The defendants are South Florida's Padilla and a quartet of alleged Muslim fundamentalist ne'er-do-wells: Hassoun, Daher, Mohamed Hesham Youssef, and Kifah Wael Jayyousi. Federal prosecutors allege the Brooklyn-born Padilla and his cohorts, including ringleader and Broward County resident Hassoun, raised tens of thousands of dollars to train and arm Islamic terrorists overseas.

On June 9, 2002, Padilla became the first U.S. citizen to be declared an enemy combatant — a controversial distinction that removed his protections under the U.S. Constitution and Geneva Conventions. He was locked up for three and a half years in a navy brig without access to an attorney. Now, though, Padilla has been transferred to Miami as one of five defendants who allegedly made up a terror cell rooted in suburban South Florida. (Daher is now in hiding in Lebanon. All others are in custody.)

Although much of the federal government's evidence against the alleged terrorists remains under seal owing to claims of national security, the public has been offered small glimpses in government reports available at the federal courthouse in Miami and in previously unseen records from the Broward State Attorney's Office in Fort Lauderdale.

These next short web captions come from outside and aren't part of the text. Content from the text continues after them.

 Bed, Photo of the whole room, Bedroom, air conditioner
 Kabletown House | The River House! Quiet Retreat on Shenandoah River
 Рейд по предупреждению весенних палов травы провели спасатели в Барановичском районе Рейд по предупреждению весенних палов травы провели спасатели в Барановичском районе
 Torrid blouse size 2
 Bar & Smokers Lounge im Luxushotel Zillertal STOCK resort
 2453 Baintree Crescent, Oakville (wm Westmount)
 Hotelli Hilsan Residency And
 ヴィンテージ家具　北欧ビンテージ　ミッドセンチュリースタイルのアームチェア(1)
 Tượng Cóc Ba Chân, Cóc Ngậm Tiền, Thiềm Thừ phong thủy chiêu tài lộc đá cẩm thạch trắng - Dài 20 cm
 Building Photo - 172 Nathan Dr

Before he entered the world of big-time terrorism, Padilla flashed his piece, ran his mouth, and beat up on a few prison guards. Later, according to wiretaps, he was trained in terrorism camps overseas. He traveled throughout the Middle East and to Afghanistan, where he allegedly met with one of Osama bin Laden's lieutenants. Wiretaps suggest Padilla was well funded as he trained and met with various organizations and people affiliated with al-Qaeda.

Yet the federal government seems to be having a difficult time proving Padilla was as dangerous as once believed — or even a terrorist at all. Of the more than 1000 pages of court documents that have been unsealed, most highlight the case's ambiguities. The prosecutors' weak case was diminished further last month when U.S. District Judge Marcia G. Cooke threw out the government's sole terrorism count: that the five men conspired to murder, kidnap, and maim persons in a foreign country. The decision, which is now under appeal and could delay the trial, hamstrings federal prosecutors. Without the charge, Padilla and his alleged allies-in-terror face a maximum of only fifteen years in the federal pen.

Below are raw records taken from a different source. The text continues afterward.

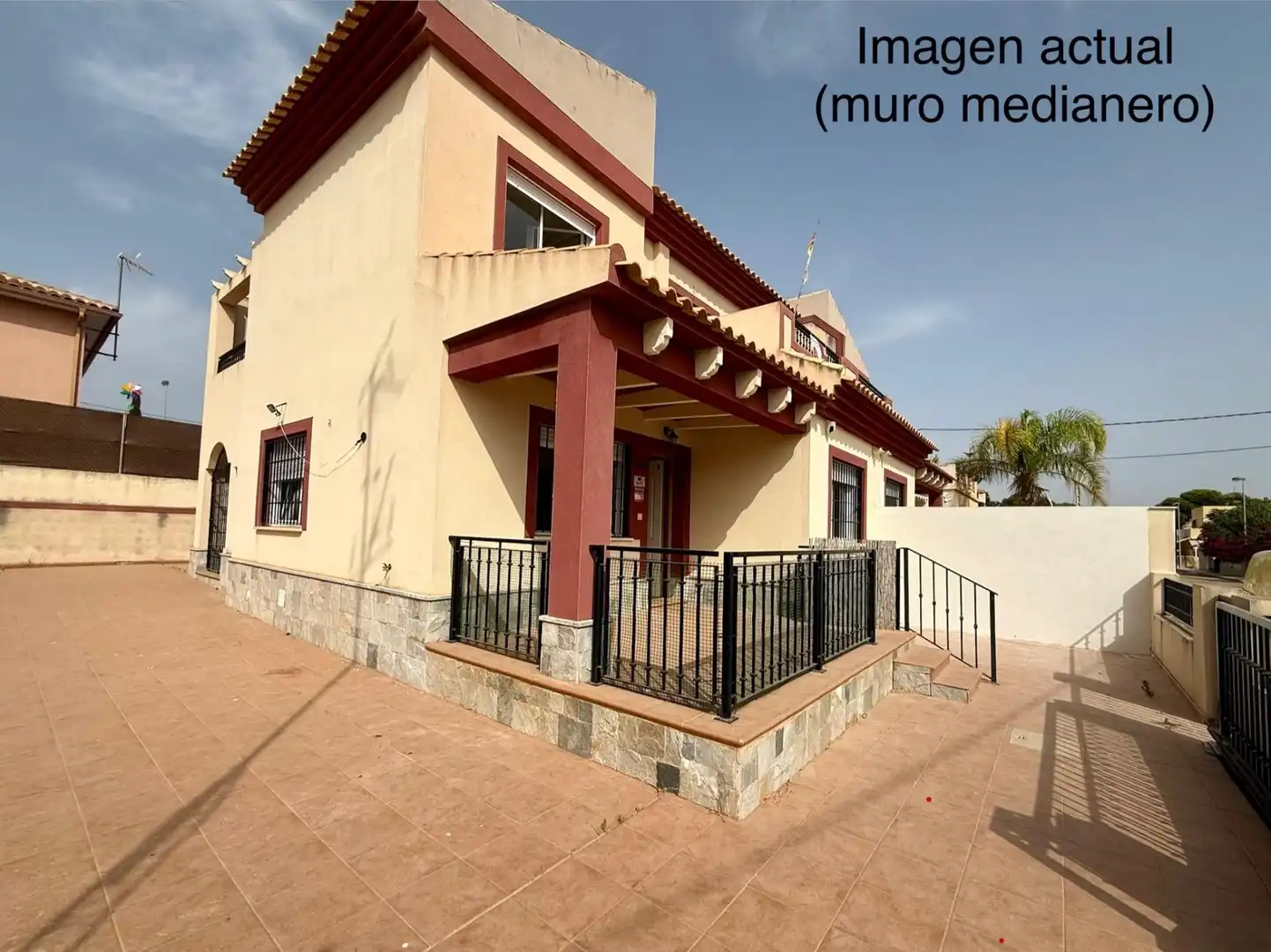Vista exterior de Casa adosada en venta en Cartagena con Terraza, Trastero y Balcón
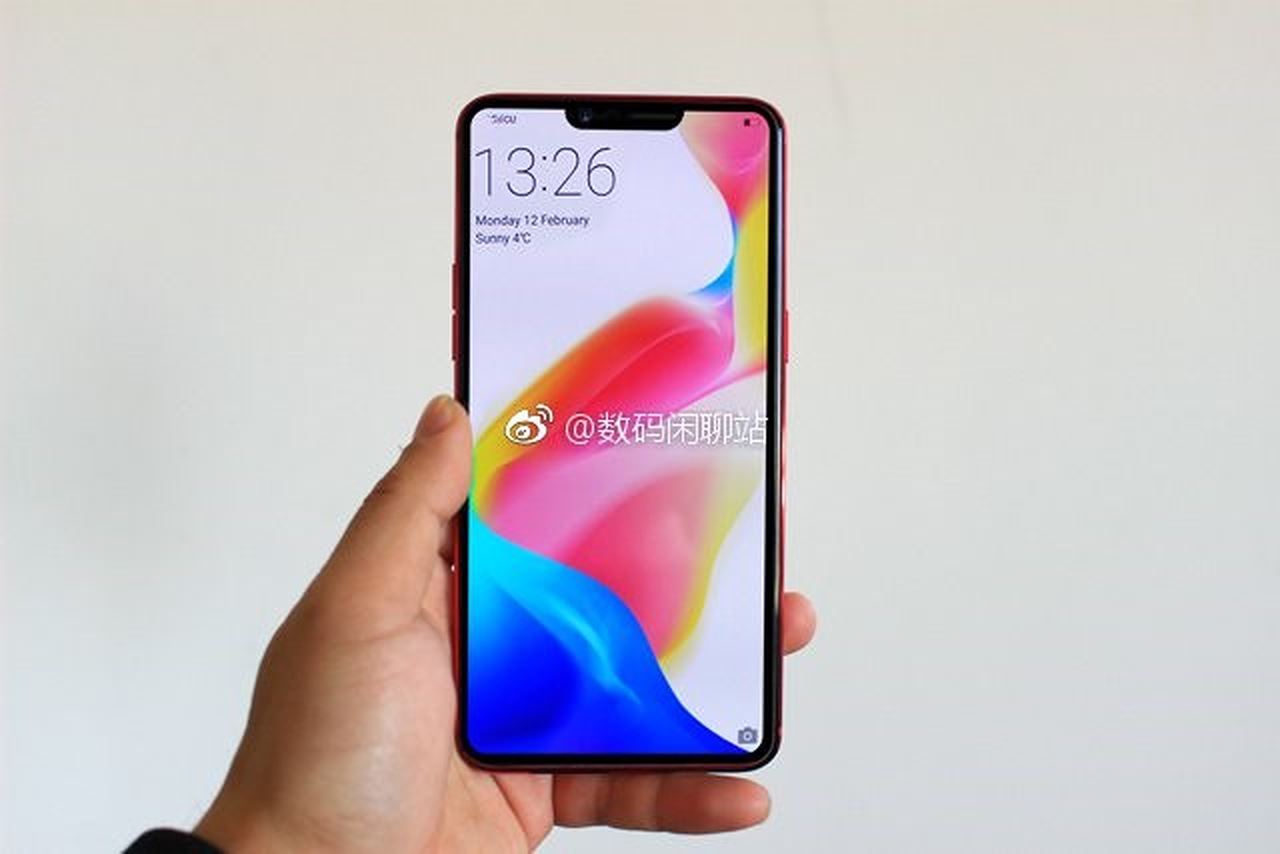 Smartphones Oppo R15 and R15 Dream Mirror Edition will get a design, like the iPhone X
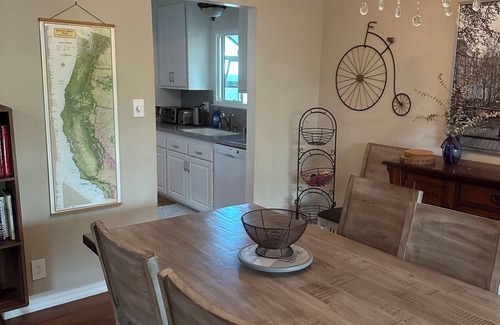 La Riviera House | Cozy 3-bedroom house with office near the American River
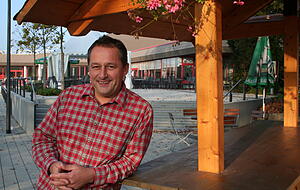 So kennen die Bad Rappenauer Martin K&uuml;bler: &Uuml;ber viele Jahre hat er das Kurhaus und den Biergarten am See erfolgreich gef&uuml;hrt.
Foto: Archiv/Hoffmann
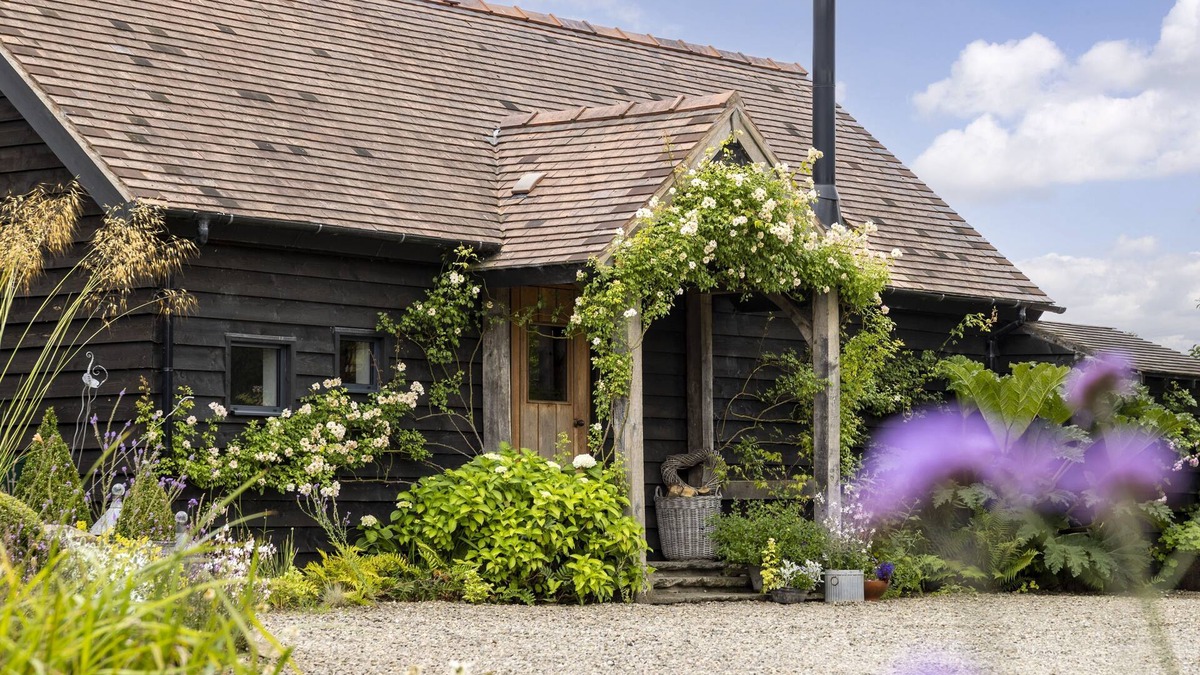 Ludwel House | Luxurious romantic retreat for two, one bedroom with en-suite bathroom - enquire now!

Imagine the absurdity if the man once said to have the means to detonate a nuclear device in one of America's most densely populated urban areas — the first U.S. citizen to have his Constitutional rights stripped away by presidential decree — got no more than ten years in the clink.

In portraying Padilla as an evil mastermind behind a plot to kill thousands, the federal government forgot one thing: He's just a punk. Federal and state court records prove that much.

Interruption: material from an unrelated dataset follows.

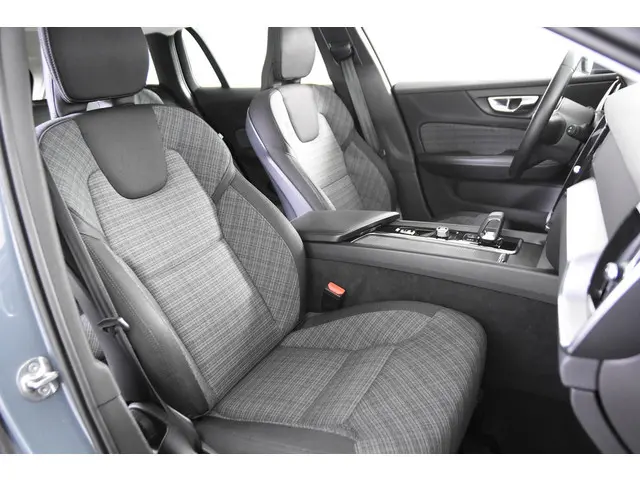 Volvo V60 2.0 B3 Momentum *1ste Eigenaar*Navigatie*Panoramadak*Trekhaak*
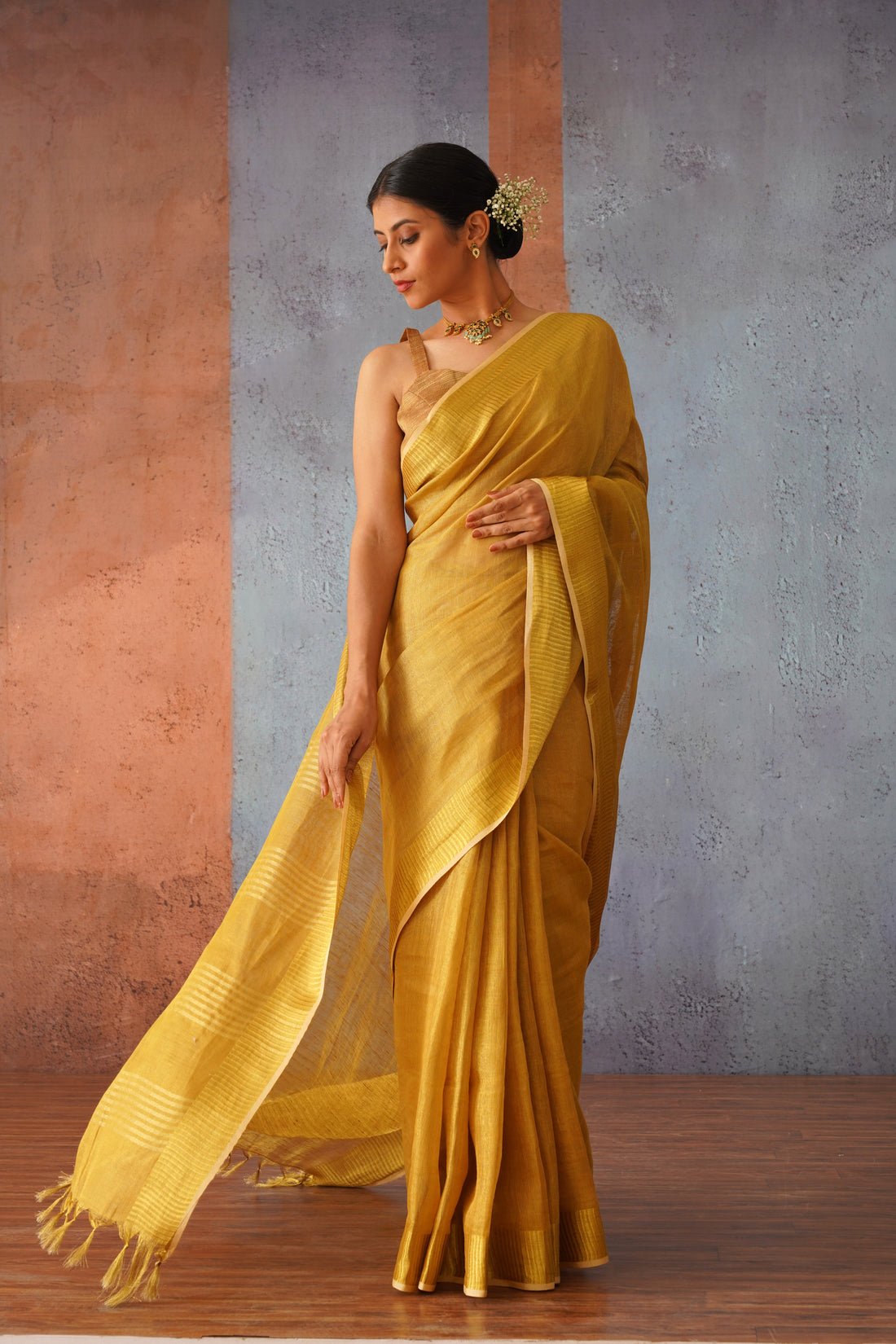 Golden Diva Tissue Linen Sari - Image 2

They called him "Pucho." As a little boy, Jose Padilla was chunky. Born in Brooklyn to Estela Ortega Lebron, a widowed mother of Puerto Rican descent, he grew up in New York and then moved to Chicago's West Side when he was in his early teens.

There the young Pucho began to run with members of the Latin Kings. Because he was a juvenile at the time, details of his early criminal life in Chicago are difficult to obtain. The Chicago Sun-Times reported he was arrested five times in the Windy City from 1985 to 1991. At age fourteen he was incarcerated in a juvenile detention center for his role in the stabbing death of a Mexican immigrant in Chicago. He was released in May 1998, six months before his eighteenth birthday.

In 1991 the 21-year-old Padilla followed his mother to South Florida. She lived in Plantation, he in Sunrise. Padilla held various jobs at local hotels. It was in Broward County that he met Cherie Stultz, who had emigrated from Jamaica. They began dating.

But the relationship didn't help Padilla shake his old ways.